At many schools these days, half the grade is good design, not just if it works.
Given the huge sizes for some intro CS classes, I don’t know how a CS professor could legitimately look at and analyze so many computer programs. And I’m not sure teaching assistants have enough programming experience to be able to do that, either.
About a dozen years ago I was able to stream every lecture from the first two intro CS classes at Berkeley, taught by Dan Garcia. (CS 61 and 62?) It looked like there were about 200 students in each class. From what I could tell, even back then the way people got graded was they would submit their work and answers electronically to be graded by an auto-grader. That’s probably one of the reasons I’m so down on Berkeley’s undergraduate CS program.
That had crossed my mind, but I’d have to think that Yale’s CS program is still selective enough to only admit people who were very well prepared.
Perhaps the overall student ability has gone down because many who take the CS classes are non-CS majors, or weren’t originally admitted as CS majors. Large schools like Berkeley place capacity limits as @ucbalumnus stated above, but many do not. The scarcity of good CS professors could also be a real issue at many colleges as colleges expand their CS departments to meet demand. They are competing not only with one another but also with the industry for talents.
CS in college is broken. It’s one thing to teach theory and it’s another to apply it.
For the average student: 50% of the time is spent googling, 35% of the time spent figuring what the directions actually mean, 15% learning if even that.
CS is one of those things where you can try 30 things and still not have a solution. It takes time and mistakes to learn but the problem is that there is no time. Students are humans, yes, sad I know, humans…

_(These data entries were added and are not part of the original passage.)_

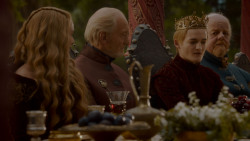 extant_GameOfThrones_4x02-TheLionAndTheRose_1551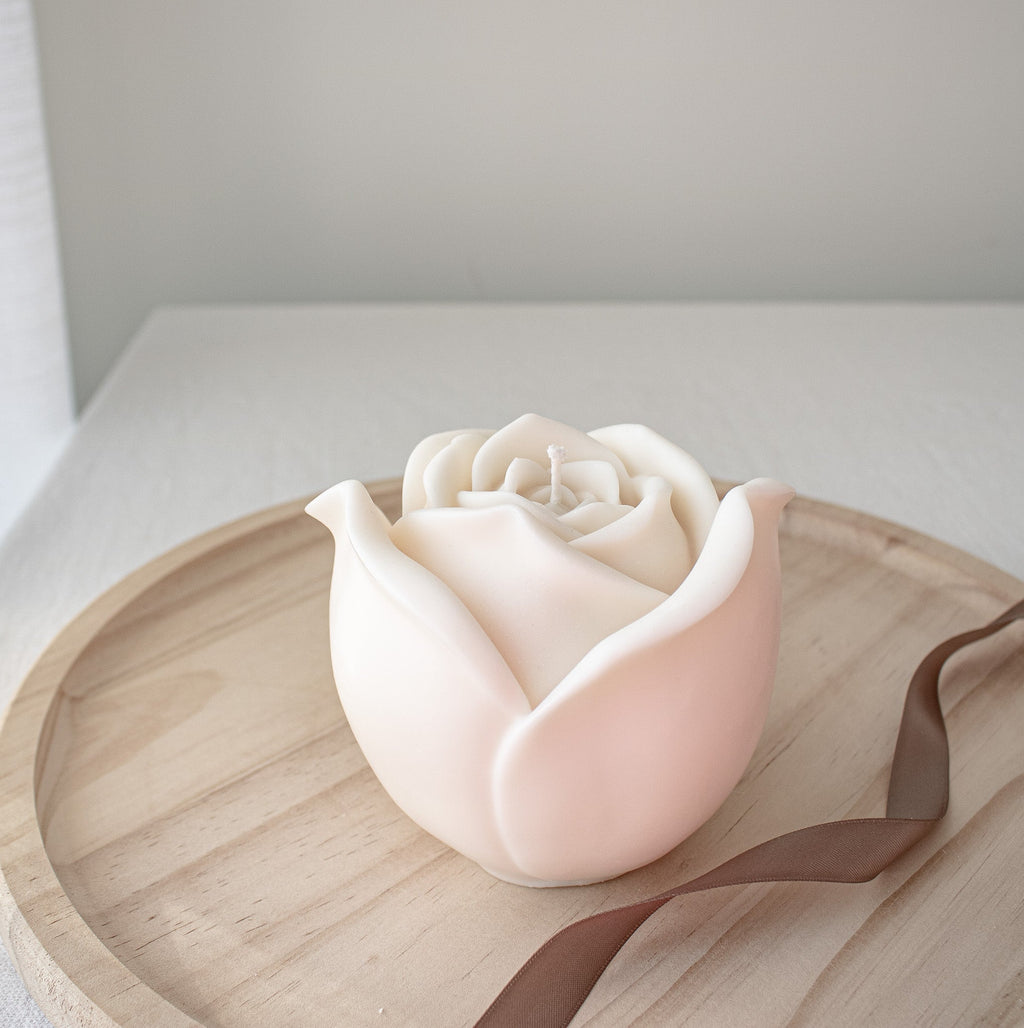Large Rose Shaped Candle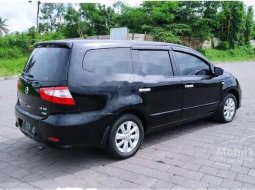 Mobil Nissan Grand Livina 2016 XV dijual, Jawa Timur 6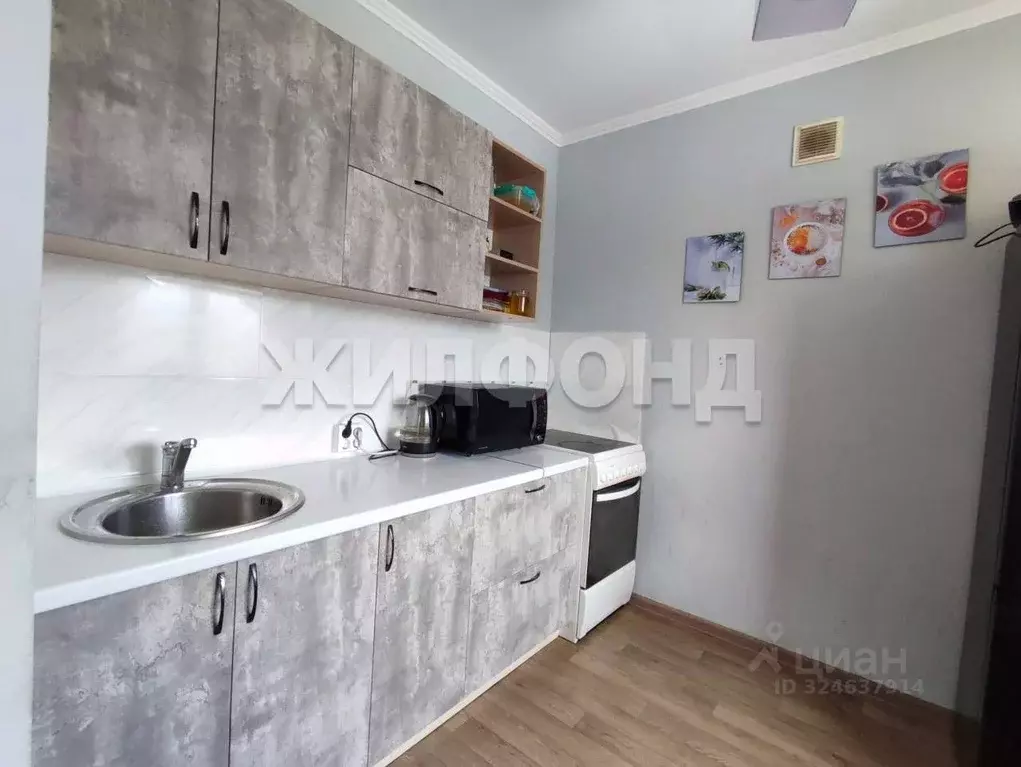 3-к кв. Алтайский край, Барнаул ул. Антона Петрова, 152 (62.4 м) - Фото 1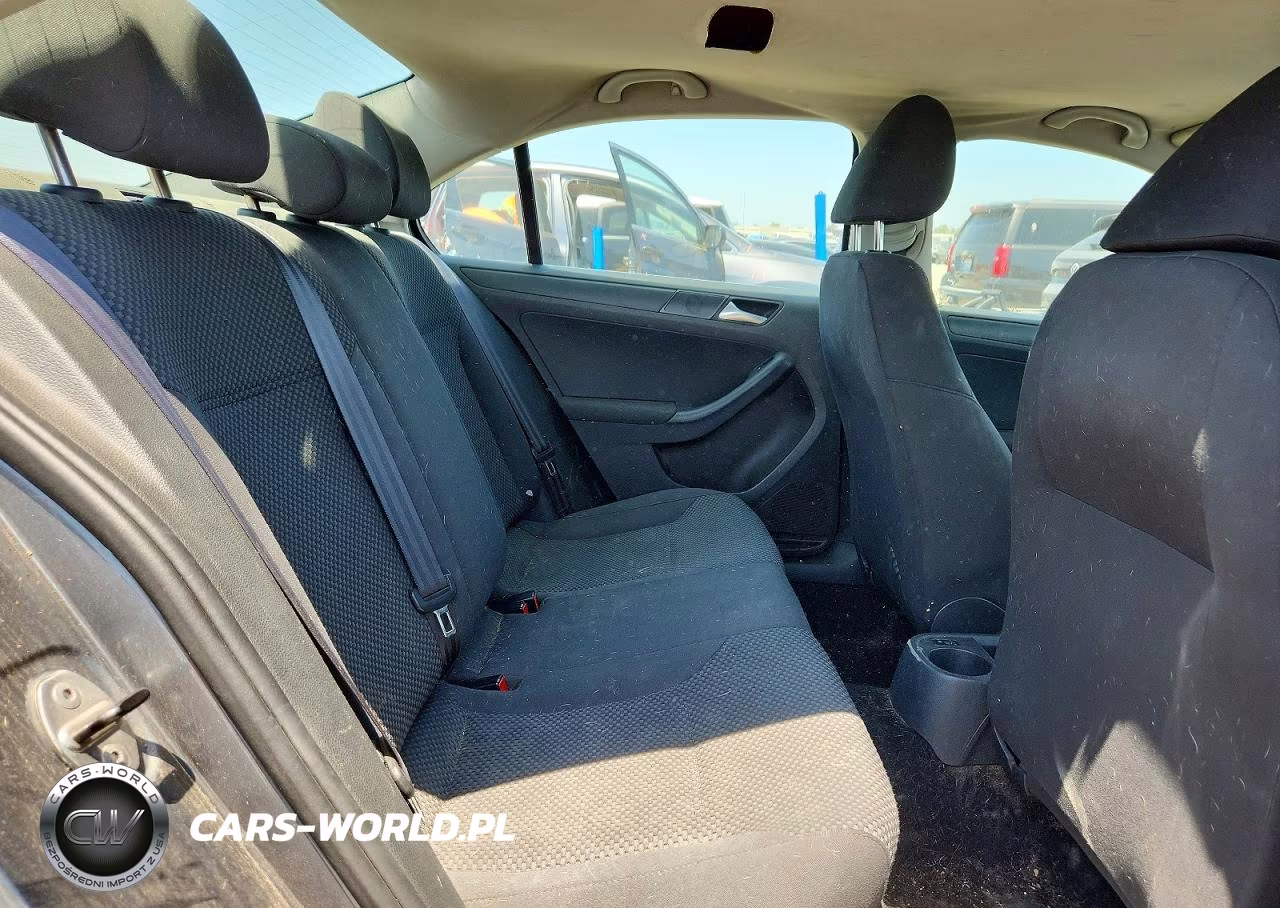 2012 Volkswagen Jetta Base VIN:3VW2K7AJ6CM349861 - 10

They have other classes, family, loved ones etc. There is no way John Doe can attempt to understand the concept of recursion let alone learn functional programming if he has multiple other classes demanding time. Let’s not even talk about professors that assign on average 15-30 hour assignments. It’s simply not realistic unless you’re very prepared.
So what did we learn here? CS is being catered to prepared students the majority of the time. New CS students just struggle till they hit the point of no return and switch majors or end up a lackluster grad. The ability of the students probably didn’t drop, it’s more so that professors are forgetting their purpose. To teach and help students learn instead of just pushing the 100 millionths random fact down their student’s throat.
If the students need to learn how to code? teach them, stop talking about deep theory they won’t understand till they can actually code the stuff. But as we know it CS != programming
It is not nice to omit the original question and some phrases Yale student’s answered. Also his history of response in Quora shows his responses are always Yale as one of top 25 CS programs, comparing against top 5 programs. He probably does not want Yale to become a professional programming school. He probably wants Yale to be one of strong Computer theory schools.
Using this to show a problem in Yale CS or weakness of its program is a bit stretch. His comments are all relative within Area of CS is now so wide now. some schools focus on programming and networks and drop theory requirement may be a trend from IT industry.
Full quote (at least). You may find other responses on CS by this student in google site.
This is not meant to be criticism of Yale’s CS program at all. I just wonder how widespread this problem is. Programming is just a tiny part of a good CS program. One can be a good programmer without going to Yale, or any school. The purpose of a good CS program is to train students to be on the cutting edge in a variety of fields within CS, so a good theoretical foundation has to be a big part of that training.
This “The purpose of a good CS program is to train students to be on the cutting edge in a variety of fields within CS, so a good theoretical foundation has to be a big part of that training.” @1NJParent that is the message we are also getting too.